Let's begin with the first Gospel. Matthew writes...
Matthew 28:1 "In the end of the sabbath, as it began to dawn toward the first day of the week, came Mary Magdalene and the other Mary to see the sepulchre"
Here we have some very interesting proof that the Sabbath could not possibly be the first day of the week. According to this record the Sabbath was ending when the first day was beginning. They are two successive days. Based on Scripture no one could truthfully call Sunday the Sabbath. It would be both confusing and unbiblical.
The substance of Matthew's testimony is simply that the women came at dawn on the day following the Sabbath and found that Jesus was already risen. This harmonizes perfectly with the next Gospel, which adds a few more details. Notice that Mark equates the dawn with "the rising of the sun". He wrote...
Mark 16:1–3 "1 And when the sabbath was past, Mary Magdalene, and Mary the mother of James, and Salome, had bought sweet spices, that they might come and anoint him. 2 And very early in the morning the first day of the week, they came unto the sepulchre at the rising of the sun. 3 And they said among themselves, Who shall roll us away the stone from the door of the sepulchre?"
These parallel Gospel accounts clear up a common misconception that has arisen over the meaning of Matthew's words "as it began to dawn toward the first day of the week". Some have interpreted this to be just before sundown on Saturday evening. Since the Hebrew reckoning would establish the end of the Sabbath at sunset, they assume that the women came just before the first day was ushered in at sundown.

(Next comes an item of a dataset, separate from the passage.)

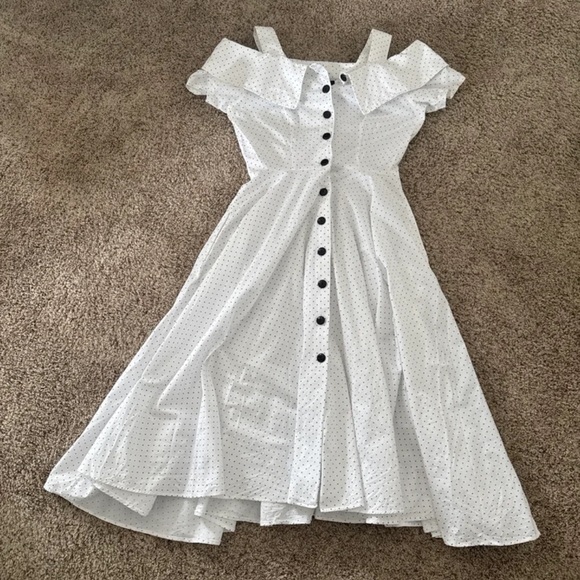 Vintage Dawn Joy 100% Cotton Polka Dot Button Up Midi Dress 
size 9/10 (small) - Picture 2 of 12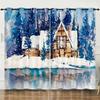 Curtains Winter Snow Scenery 3D Digital Printing Blackout Curtain Punching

Here we see the value of comparing text with text. Mark's words make it impossible to hold the view that the women came Saturday night and found the tomb empty. He lists the very same women as coming at sunrise Sunday morning, but they were asking the question, "Who shall roll us away the stone?". Obviously, if they had been there the night before and discovered an empty tomb, they would have known that the stone was already removed from the door. Thus, we can understand clearly that Matthew's "dawn" is referring to the early morning visit at sunrise on Sunday morning.
The third New Testament reference to the first day is a simple narrative statement in Mark 16:9:
Mark 16:9 "Now when Jesus was risen early the first day of the week, he appeared first to Mary Magdalene, out of whom he had cast seven devils."
Little comment is needed here, because the verse is only repeating the same story of the resurrection early on Sunday morning. The important thing to note is that nothing is said in any of these texts about the first day of the week being holy. There is no intimation of anyone observing the day in honour of the resurrection.